[Improvement]: The optimizer adds a cache of eq delete files to reduce repeated IO cost of eq delete files
Search before asking
- [X] I have searched in the issues and found no similar issues.
What would you like to be improved?
For large tables written by Flink, each commit will submit an EQ DELETE file associated with all previous data files. Most of the generated optimize tasks will repeatedly read this EQ DELETE file, causing duplicate IO cost.
How should we improve?
Each JVM(taskmanager, executor) in the Optimizer generates a Cache to cache the EQ DELETE File.

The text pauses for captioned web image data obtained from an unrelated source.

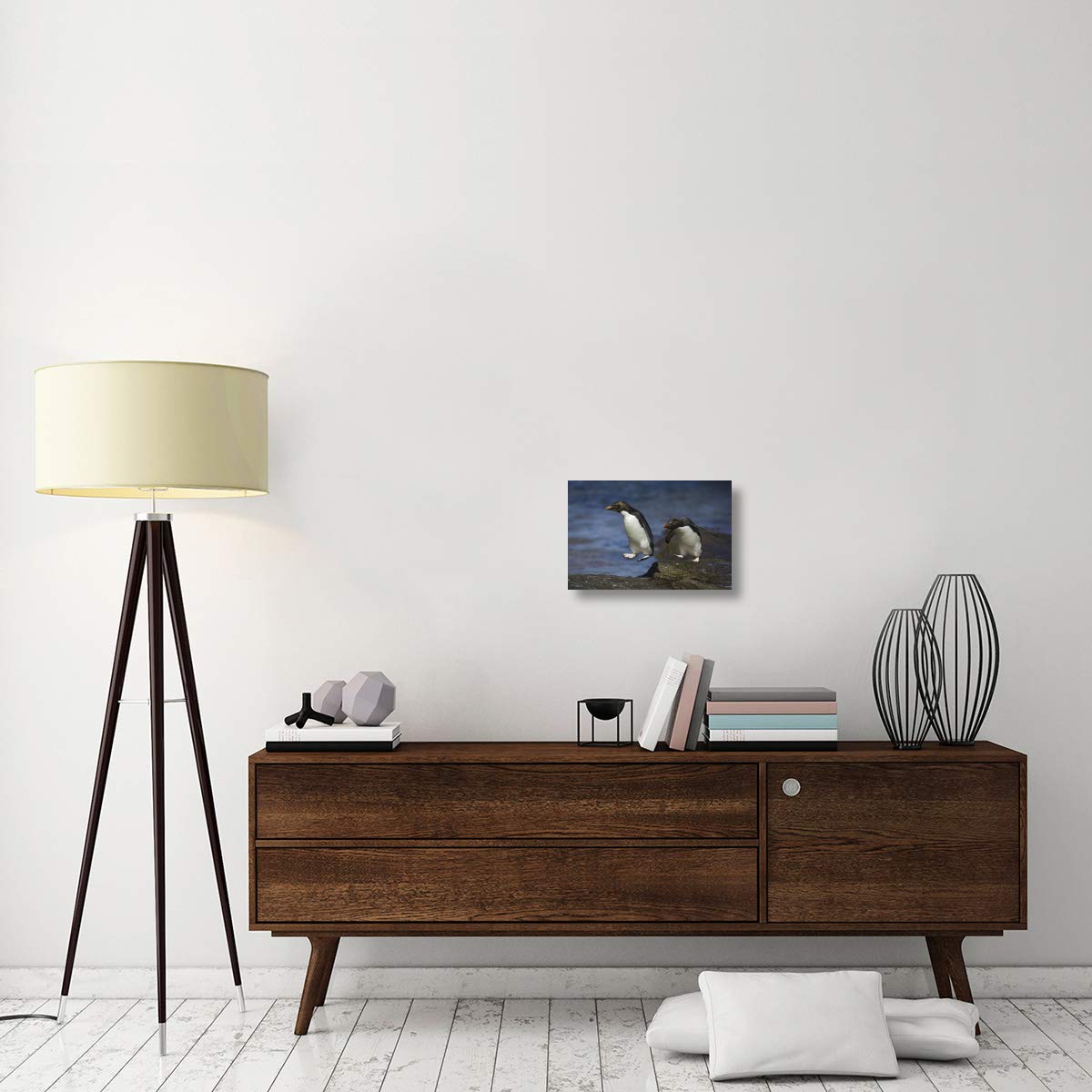 Rockhopper Penguin hopping from rock to rock, New Island, Falkland Islands-Canvas Art-18x12”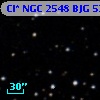 Cl* NGC 2548    BJG     538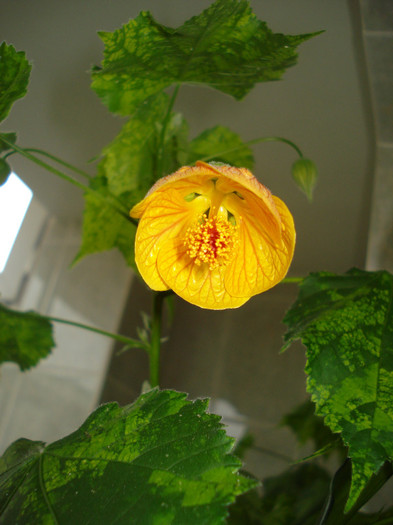 DSC00514 - FLORI 2011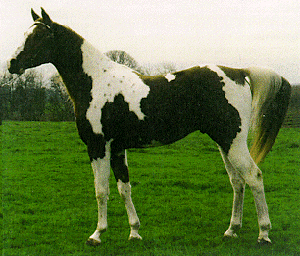 QUARAB
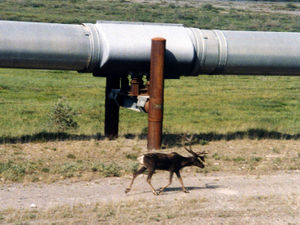 300px-Alaska_Pipeline_and_caribou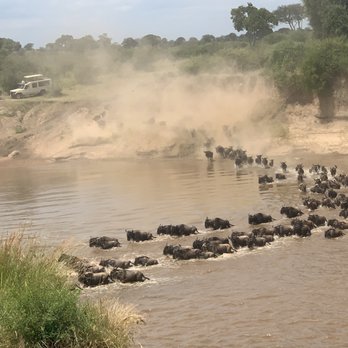 Access 2 Tanzania - Wildebeest migration - Travel Services Near Me - Saint Paul, Minnesota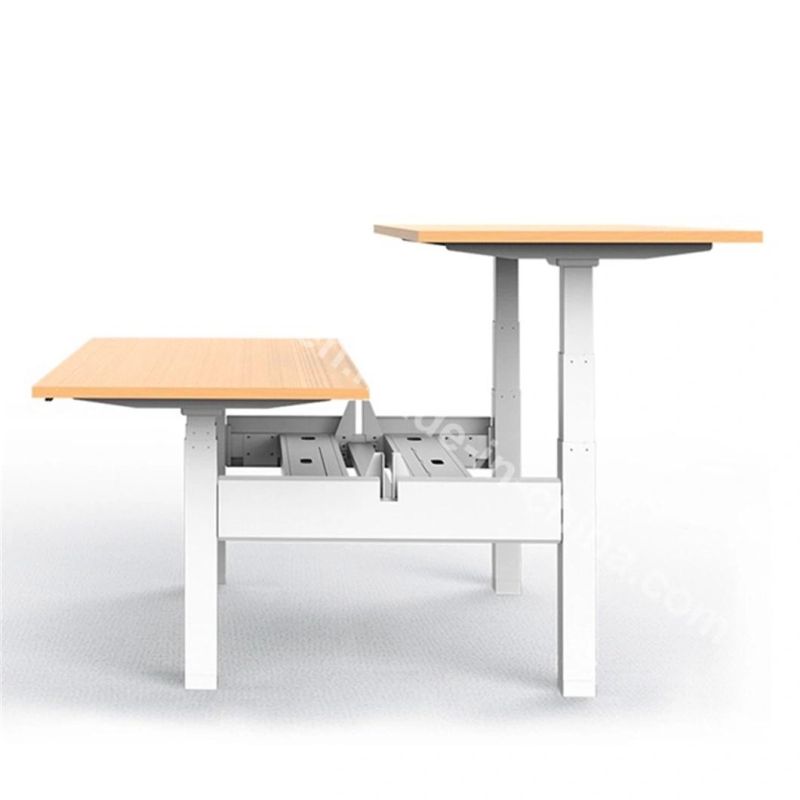 Face to Face Electric Height Adjustable Sit Stand Desk Frame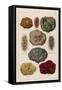 Gems Embedded in Rocks-null-Framed Stretched Canvas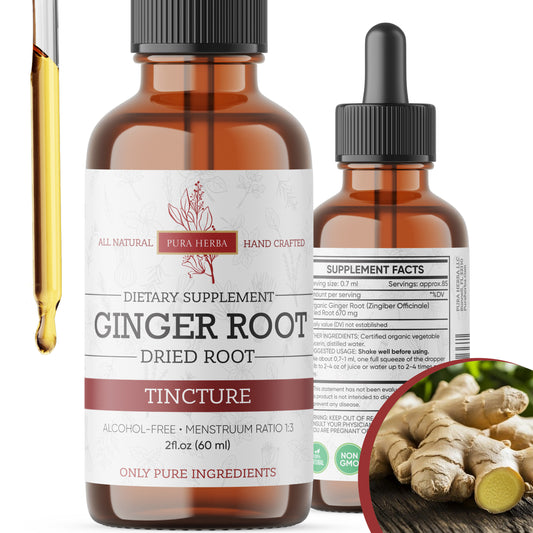 Ginger Root Liquid Drops  - 2 FL Oz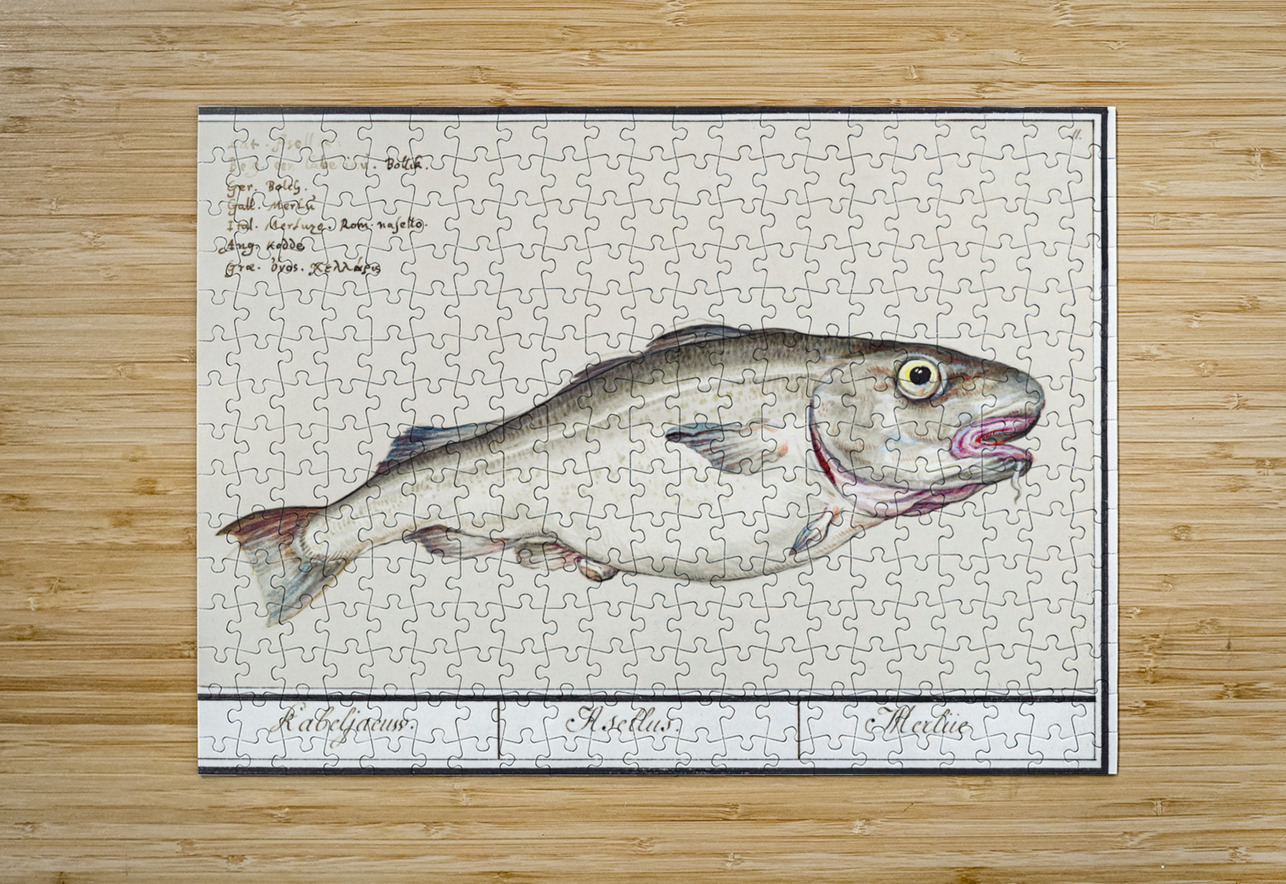Cod in vintage style IStockHistory com Puzzle printing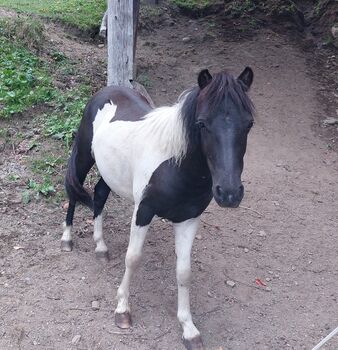 Shetlandpony, Heidemarie Ebner, Konie na sprzedaż, Scheifling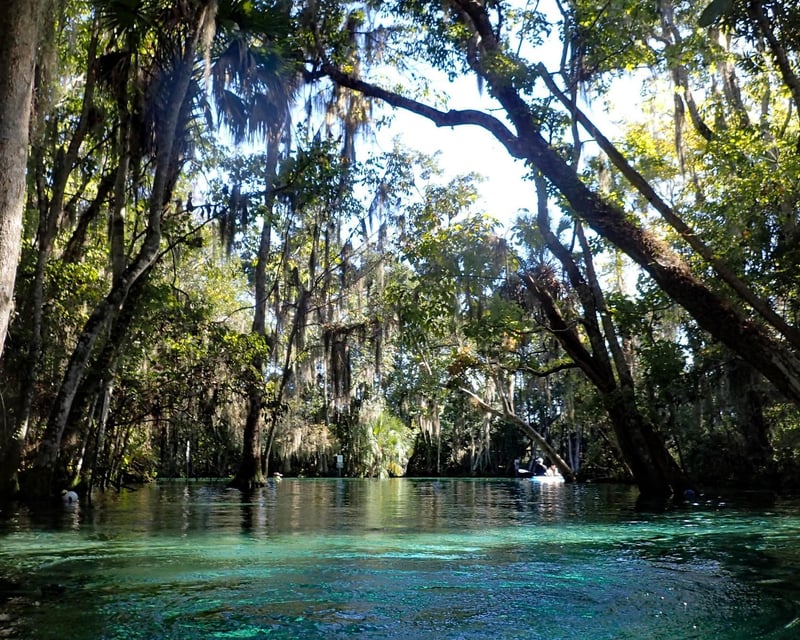3-Hour Private River Sightseeing Cruise in Crystal River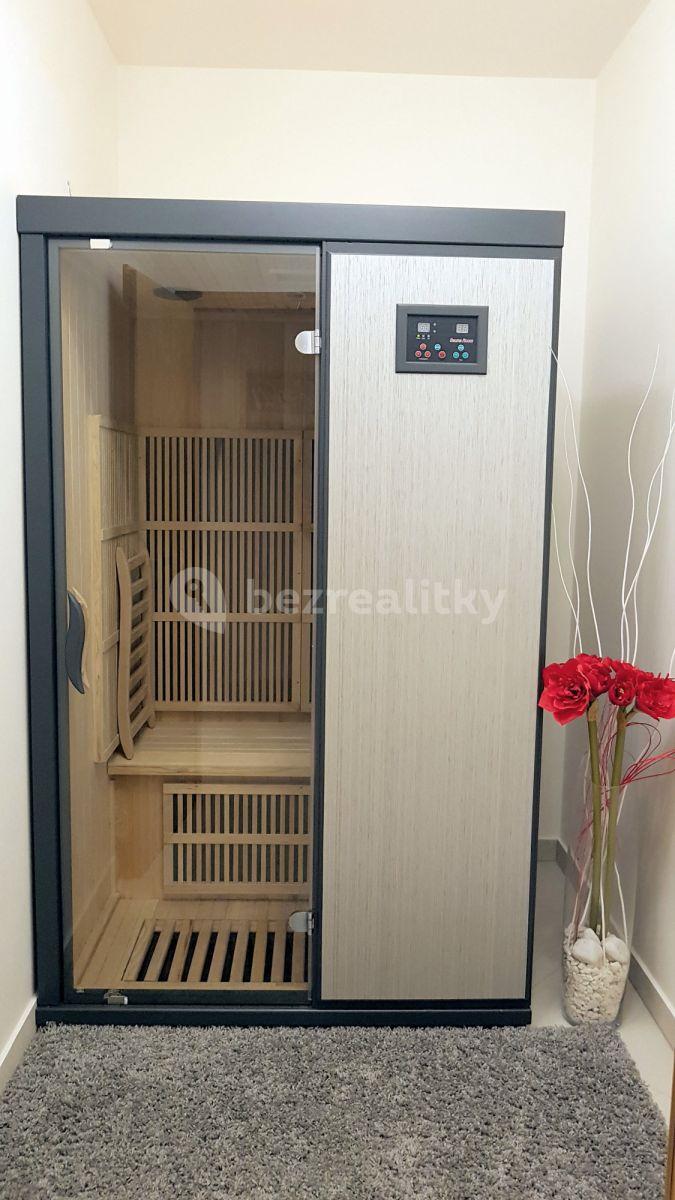 1 bedroom with open-plan kitchen flat to rent, 85 m², Olšanská d, Prague, Prague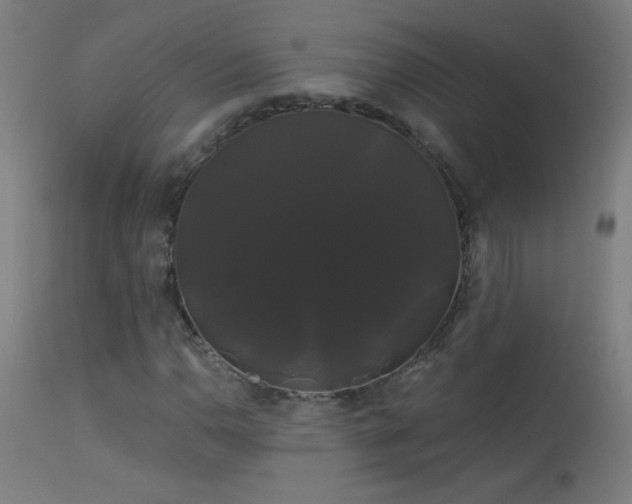 X0000114181110200910081453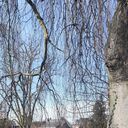  Sint-Truiden,   , 26 ,   c , 
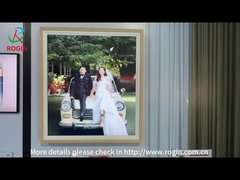 35.6 اینچ مربع صفحه LCD 1900 * 2160 500nits V- توسط یک ماژول نمایش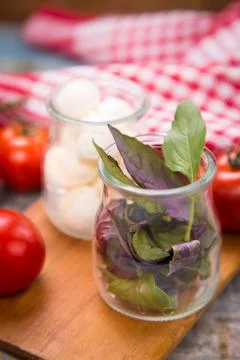 Mozzarella and basilicas Stock Photos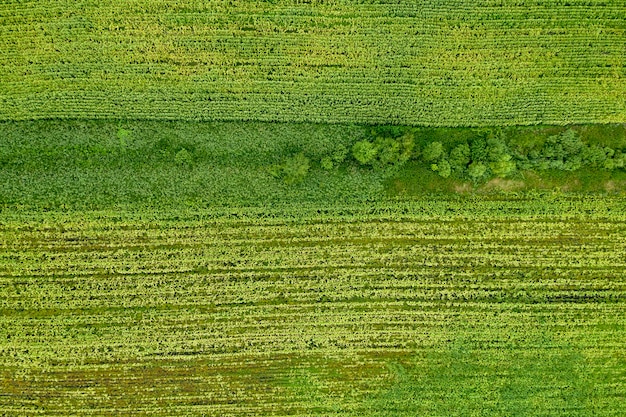 campo agricolo seminato vista dall'alto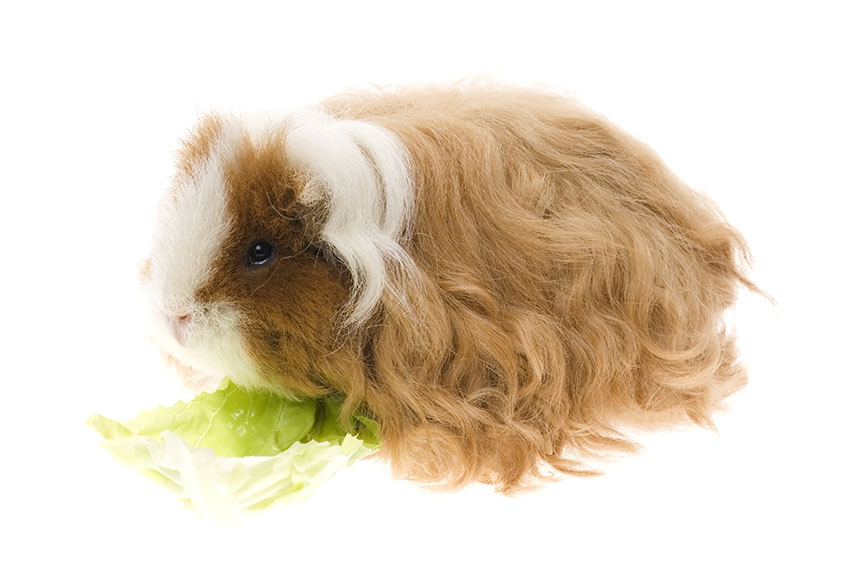 Feeding your guinea pig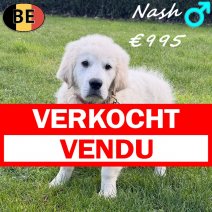 Golden Retriever Nash 161225 M(BE4938) 310326 verkocht - vendu.jpg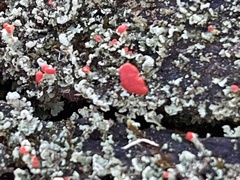 Cladonia incrassata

Are you willing to submit PR?
- [x] Yes I am willing to submit a PR!
Subtasks
No response
Code of Conduct
- [X] I agree to follow this project's Code of Conduct
Hi, it is a good idea to cache the delete file data. However, before proceeding with the actual implementation, we may need to clarify some details like:
- Do we only cache data for equality-deleted files?
- How to limit the size of the cache?
- What kind of cache eviction strategy to use?
- When allocating tasks in AMS, is it necessary to consider cache hits?
IMO,
Do we only cache data for equality-deleted files?
Yes, the position delete files only match limited insert files, so it seems to be unnecessary to cache them for now.
How to limit the size of the cache?
If we cannot fully cache a delete file, the cache will be ineffective. To better protect memory and cache as many files as possible, we may only want to cache delete files that are relatively small in size. Additionally, for delete files that are too large, they are now filtered during reading using the bloom filter of insert files, and they are not suitable for caching either. Besides, we should add a configuration to control the maximum size of the cache, preferably in bytes.
What kind of cache eviction strategy to use?
LRU seems to be good enough.
When allocating tasks in AMS, is it necessary to consider cache hits?
Considering cache hits during scheduling can better utilize the cache. However, initially, we can overlook this and consider adding this optimization later.
Thanks for your reminder on the details.
The idea is from Iceberg community, Introduced delete file cache in PR #8755 for spark executors.
IMO,
Do we only cache data for equality-deleted files?
Yes, the position delete files only match limited insert files, so it seems to be unnecessary to cache them for now.
Yes.
How to limit the size of the cache?
If we cannot fully cache a delete file, the cache will be ineffective. To better protect memory and cache as many files as possible, we may only want to cache delete files that are relatively small in size. Additionally, for delete files that are too large, they are now filtered during reading using the bloom filter of insert files, and they are not suitable for caching either. Besides, we should add a configuration to control the maximum size of the cache, preferably in bytes.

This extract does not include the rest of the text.